EXERCISE PROMPT: When you reach the line containing "Soi kèo phạt" in the entries below, start writing out each line exactly, and stop after the line containing "YG - Bjerveur.noØredobber".

SUPPLIED DATA:
──────────

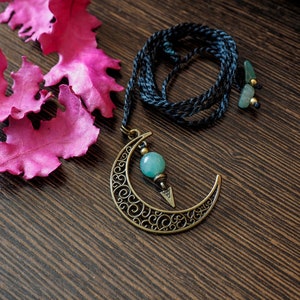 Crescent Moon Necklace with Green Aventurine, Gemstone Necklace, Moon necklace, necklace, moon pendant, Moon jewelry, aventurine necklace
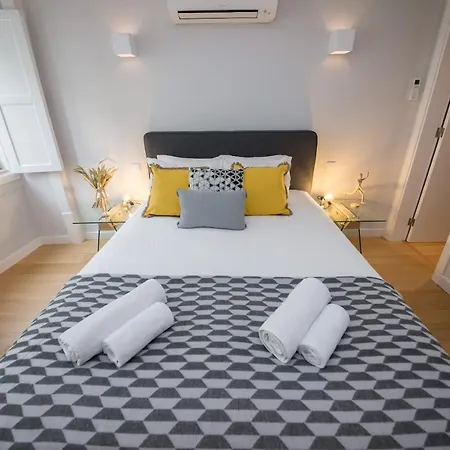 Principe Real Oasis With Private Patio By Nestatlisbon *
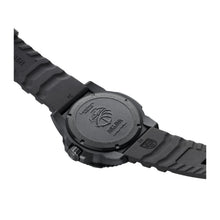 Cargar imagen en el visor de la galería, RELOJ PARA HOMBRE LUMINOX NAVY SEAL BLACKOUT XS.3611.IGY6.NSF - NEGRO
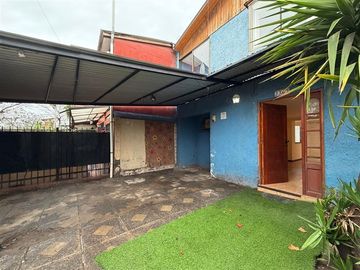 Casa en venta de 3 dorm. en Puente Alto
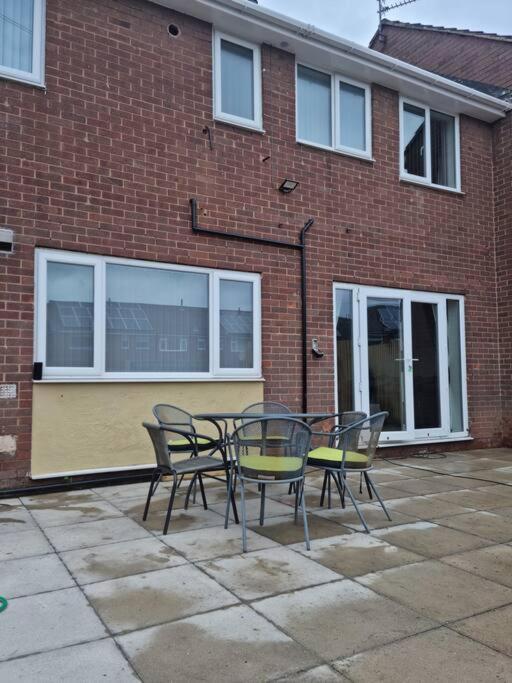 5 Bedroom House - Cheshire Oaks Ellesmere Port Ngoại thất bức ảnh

──────────

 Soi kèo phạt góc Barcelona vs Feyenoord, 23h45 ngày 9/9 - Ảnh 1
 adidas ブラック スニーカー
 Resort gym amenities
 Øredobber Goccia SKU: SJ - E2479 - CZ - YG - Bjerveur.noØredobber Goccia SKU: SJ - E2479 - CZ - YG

──────────

SOLVED PROBLEM:
 Soi kèo phạt góc Barcelona vs Feyenoord, 23h45 ngày 9/9 - Ảnh 1
 adidas ブラック スニーカー
 Resort gym amenities
 Øredobber Goccia SKU: SJ - E2479 - CZ - YG - Bjerveur.noØredobber Goccia SKU: SJ - E2479 - CZ - YG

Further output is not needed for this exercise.